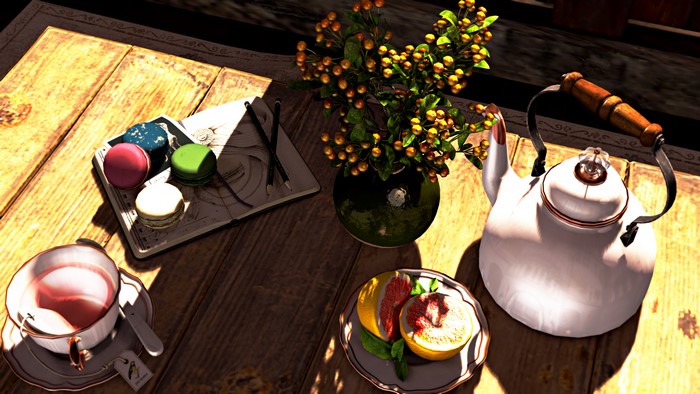 4K Still life with tea and fruit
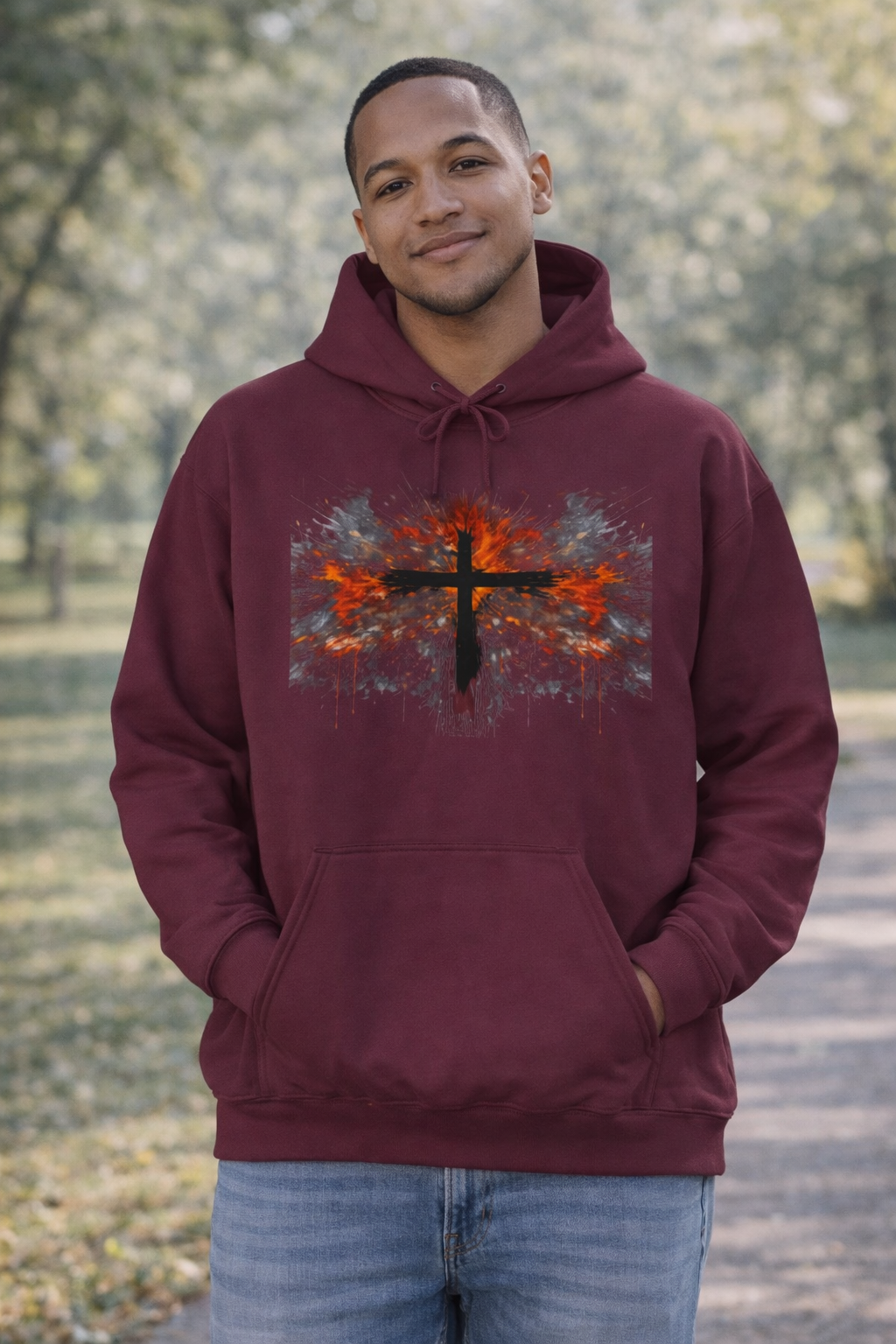 Mens Christian Cross Hoodie — Grunge Red & Black Faith Pullover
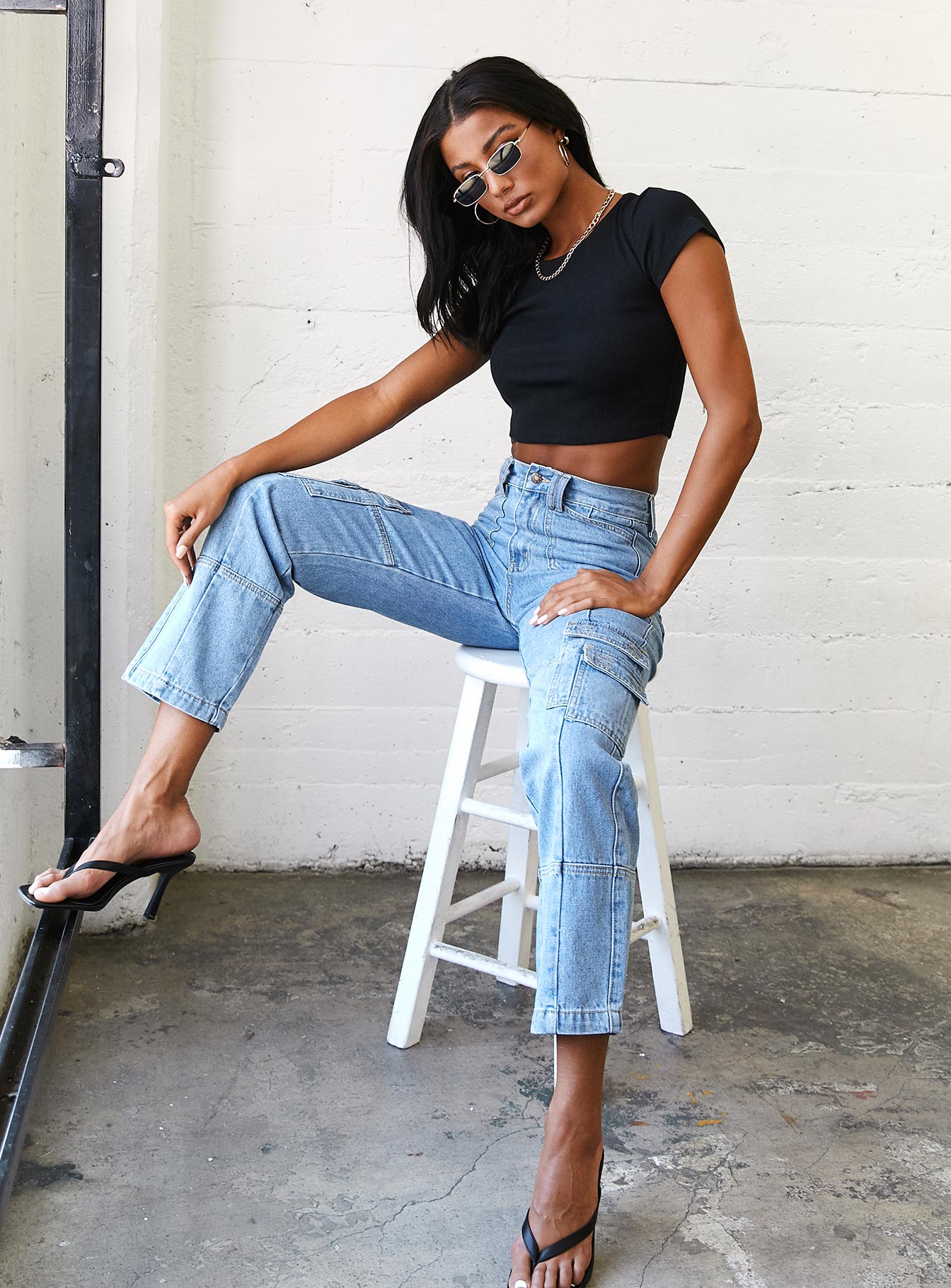 back view of model wearing Princess Polly The Classic Cropped Tee Black 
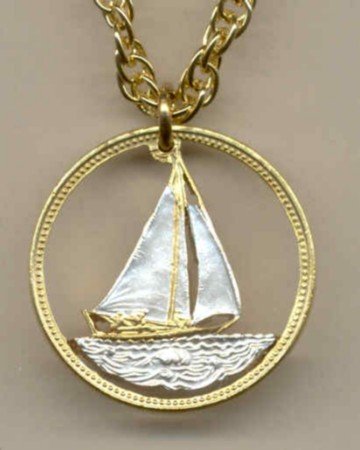 Bahamas 25 cent Sail boat (U.S. quarter size)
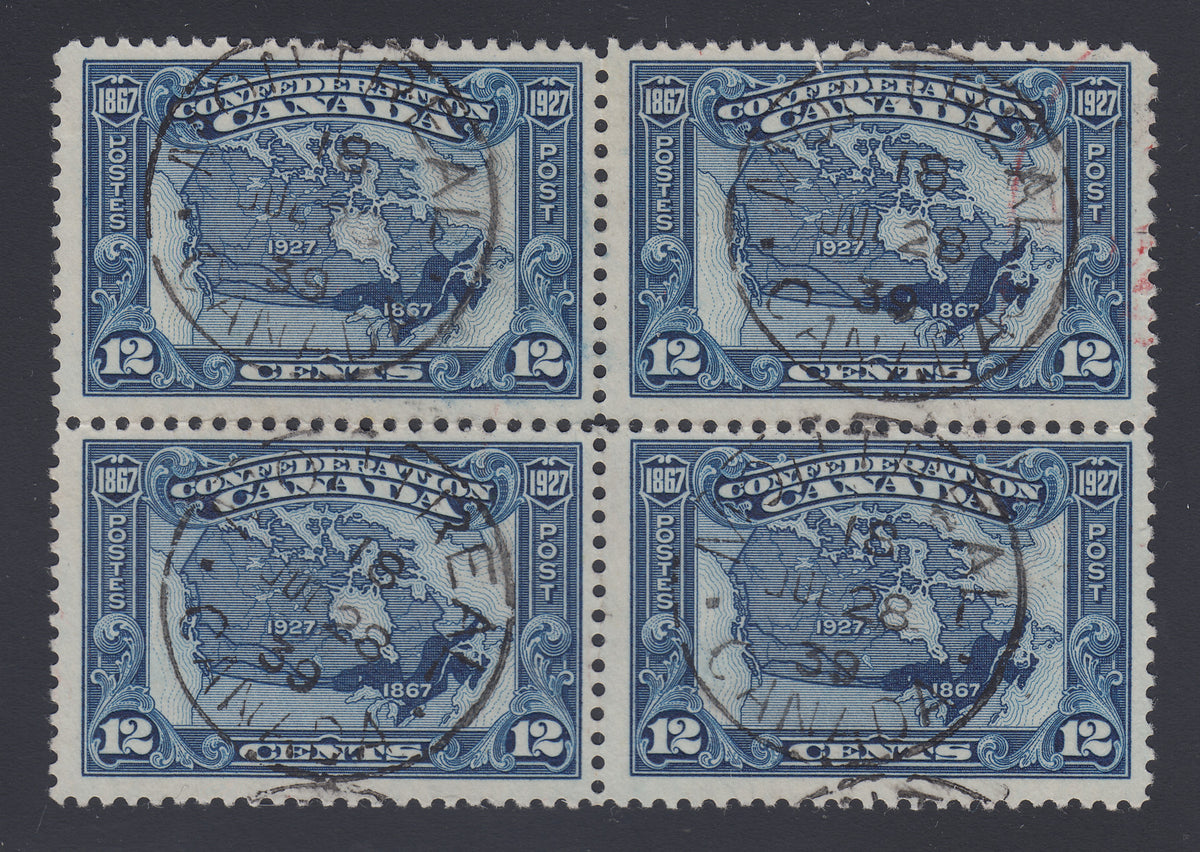 0145CA1807 - Canada #145 Used Block of 4 - Unlisted Variety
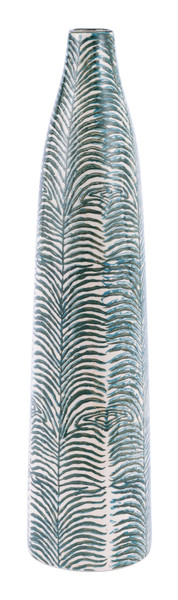 Homeroots 5.5" X 5.5" X 24" Dark Green, Ceramic, Medium Vase 364960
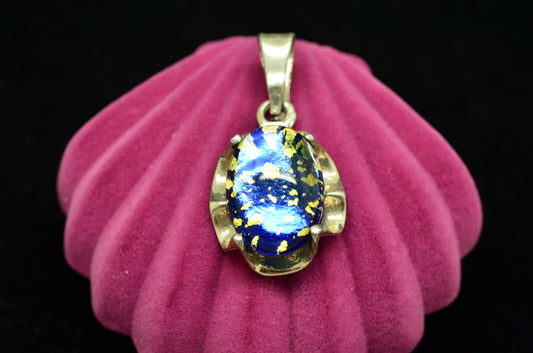 925 Sterling Silver oval dichroic glass pendant charm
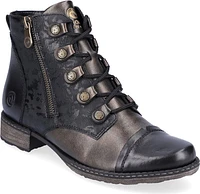Black Lace Up Fur Lined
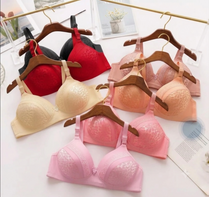 Bra for Women & Girls | Ladies Premium Self Floral Printed Padded Wireless Full Coverage Bra | Comfortable Everyday Adjustable Strap Fancy Bra | Women's Innerwear Undergarments
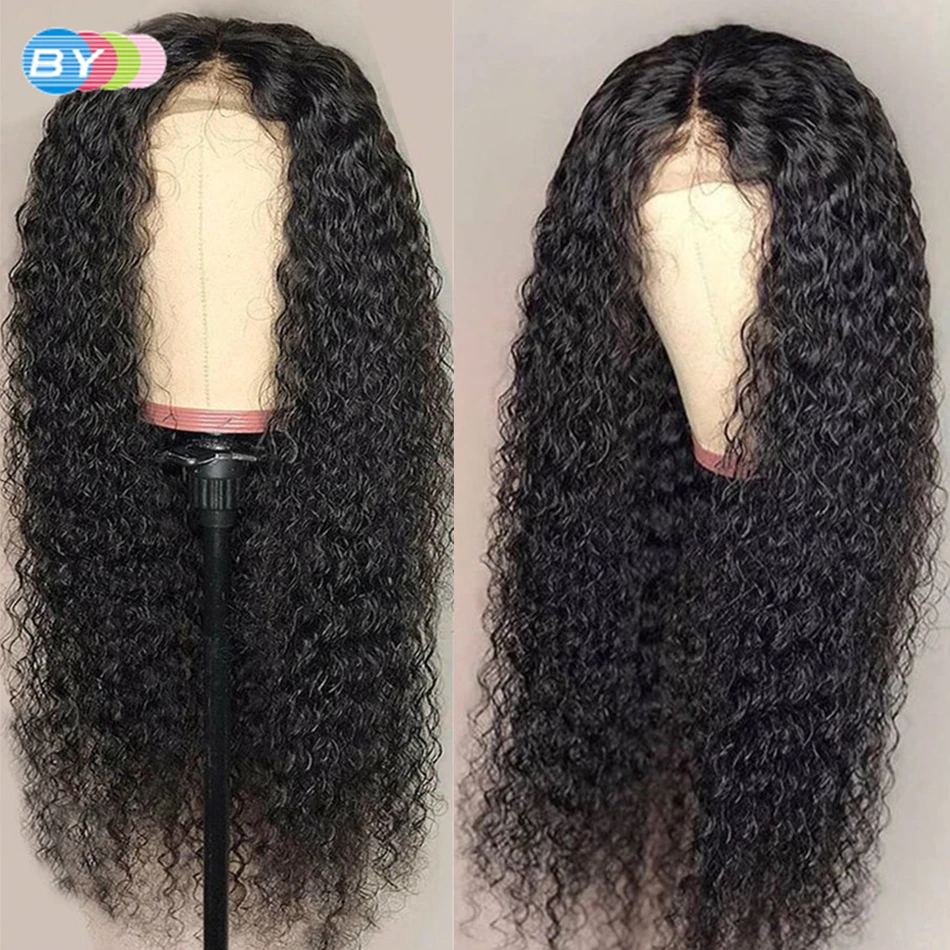 Jual Wig Rambut Manusia Keriting Keriting 4X4 Wig Penutupan Renda 100% Rambut Remy 150% UNTUK WANITA T Bagian Wig Depan Renda Garis Rambut Alami Tanpa Lem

________________

* **What you will do**:
Retype the listing exactly and drop the pictures.

* **Output for this exercise**:
 4K Still life with tea and fruit
 Mens Christian Cross Hoodie — Grunge Red & Black Faith Pullover
 back view of model wearing Princess Polly The Classic Cropped Tee Black 
 Bahamas 25 cent Sail boat (U.S. quarter size)
 0145CA1807 - Canada #145 Used Block of 4 - Unlisted Variety
 Homeroots 5.5" X 5.5" X 24" Dark Green, Ceramic, Medium Vase 364960
 925 Sterling Silver oval dichroic glass pendant charm
Black Lace Up Fur Lined
 Bra for Women & Girls | Ladies Premium Self Floral Printed Padded Wireless Full Coverage Bra | Comfortable Everyday Adjustable Strap Fancy Bra | Women's Innerwear Undergarments
 Jual Wig Rambut Manusia Keriting Keriting 4X4 Wig Penutupan Renda 100% Rambut Remy 150% UNTUK WANITA T Bagian Wig Depan Renda Garis Rambut Alami Tanpa Lem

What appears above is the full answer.